Além disso, outros alimentos importantes são: a carne de vitela Podolica, o cordeiro dos Montes Dolomitas, a berinjela vermelha de Rotonda, o feijão de Sarconi IGP, as [castanhas] Morroncino de Melfi, o morango candonga de Metapontino, a batata vermelha de Terranova del Polino PAT, o [queijo] Pecorino de Filano DOP e o suíno negro.

 

E, por fim, há uma imensidão de tipos e formatos de macarrão fresco que se distinguem pelo uso da semolina do grão Senator Cappelli [marca de grão duro].

 

ANSA: Você já esteve no Brasil?
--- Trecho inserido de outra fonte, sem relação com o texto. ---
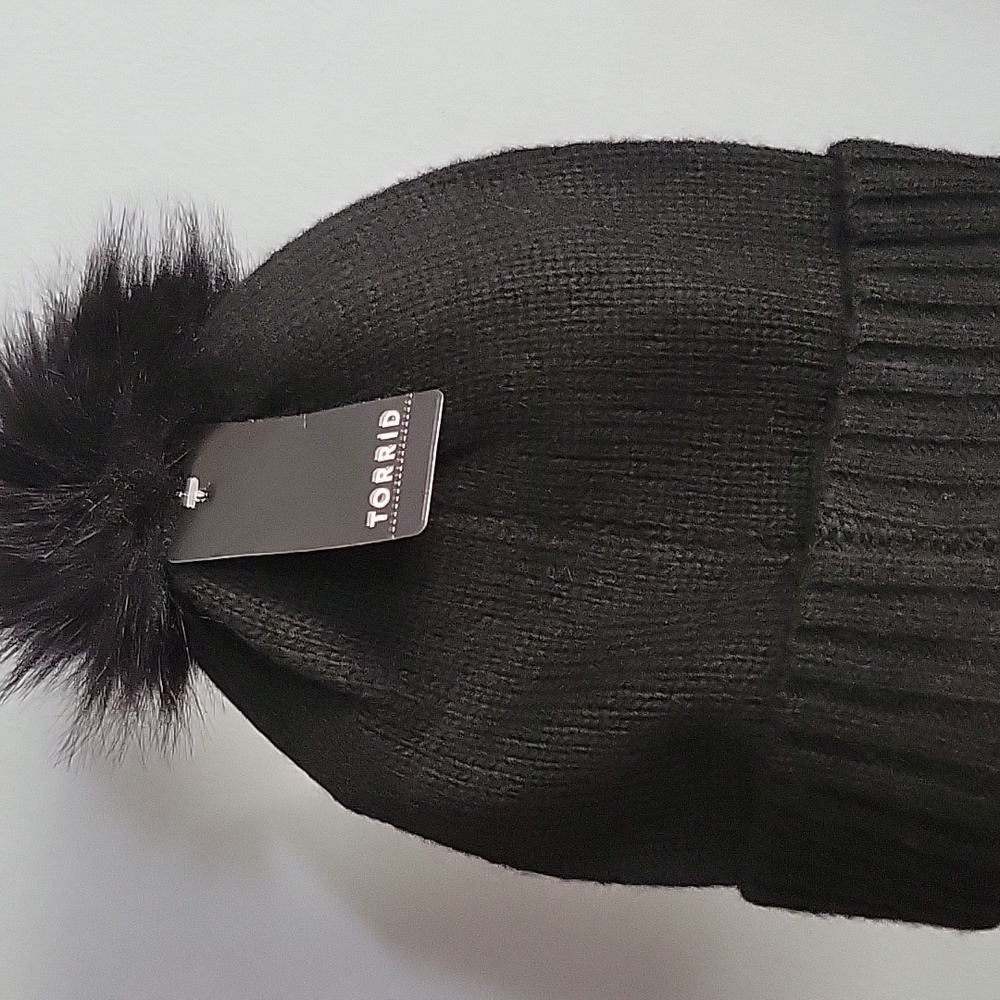 Torrid Black Winter Hat - Picture 2 of 2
O que pensa sobre a gastronomia local?

 

Barone: Nunca havia estado no Brasil, por isso, me sinto muito lisonjeado no dever de representar a minha terra, "a Lucania", em uma nação que acolheu em anos passados diversos conterrâneos meus, entre os quais uma bisavó minha, que trabalhou nas plantações de café, e uma tia que ainda vive no Brasil, propriamente em São Paulo.

 

Eu aprofundei meus conhecimentos sobre essa culinária pelo fato de vir pra cá e me confrontar com esta nova realidade; aprecio muito o jeito de cozinhar a carne daqui e de valorizar muito suas características, tanto que atualmente as churrascarias estão presentes em diversas partes do mundo.

 

Eu acredito que seja uma culinária que, em alguns pontos, tem semelhanças com a italiana, talvez pela massiva presença da comunidade italiana aqui. Basta pensar no uso do arroz em vários preparos, com legumes, e nas fazendas bovinas, ou melhor, no modo de criar os animais, que, de certa forma parece com aquele da vitela Podolico, em relação à liberdade na qual eles são criados.